Gazette-Mail (Op-Ed)
By Richard E. Frankel
September 08, 2018
On Aug. 29, The Washington Post reported that U.S. immigration officials have been refusing to issue passports to Hispanic Americans. This despite the fact that they possess birth certificates, despite their many contributions to American society, despite even their service in the United States military.
With that development, the country has taken a significant step closer to realizing Donald Trump’s vision of America as a white, Christian herrenvolk democracy. What began as exclusion with the Muslim travel ban in early 2017 has now advanced to the level of expulsion — denaturalizing American citizens based (for now) on ethnicity. We’ve gone from preventing people who belong to allegedly “undesirable” groups from entering the national community to actually removing people who are already in it.
The enormity of such a shift cannot be overstated. Those who have found the growing number of comparisons to Nazi Germany distasteful or far-fetched must realize that we are now squarely in that territory.
Hitler did not start with Auschwitz. With Germany’s Jews, he began with exclusion and then moved on to expulsion.

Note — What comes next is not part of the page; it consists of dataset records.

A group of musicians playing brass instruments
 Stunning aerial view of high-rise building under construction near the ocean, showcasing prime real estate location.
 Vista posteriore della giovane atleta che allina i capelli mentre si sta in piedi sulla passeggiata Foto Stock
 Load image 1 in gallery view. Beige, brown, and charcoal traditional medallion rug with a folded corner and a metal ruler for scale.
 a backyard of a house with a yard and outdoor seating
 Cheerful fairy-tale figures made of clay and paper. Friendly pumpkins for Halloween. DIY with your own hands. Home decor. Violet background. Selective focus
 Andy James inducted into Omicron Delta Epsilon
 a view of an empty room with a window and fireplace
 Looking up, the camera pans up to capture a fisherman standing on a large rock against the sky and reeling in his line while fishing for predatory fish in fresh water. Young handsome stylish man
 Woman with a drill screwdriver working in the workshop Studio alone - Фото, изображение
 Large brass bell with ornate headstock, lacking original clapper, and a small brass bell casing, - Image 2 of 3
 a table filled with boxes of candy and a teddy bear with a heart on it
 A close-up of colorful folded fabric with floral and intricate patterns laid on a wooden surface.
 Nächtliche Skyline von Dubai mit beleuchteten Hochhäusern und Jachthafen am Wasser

Only later, under the particular circumstances of the war, did he decide on extermination.
How close do we have to get to that point for us to realize how dangerous our situation has become? How close before we act to stop our country’s frightening descent into the abyss? How close are we to the point at which we may no longer be able to act?
Germans learned this lesson, many at the cost of their lives. What can we learn from that nightmare experience?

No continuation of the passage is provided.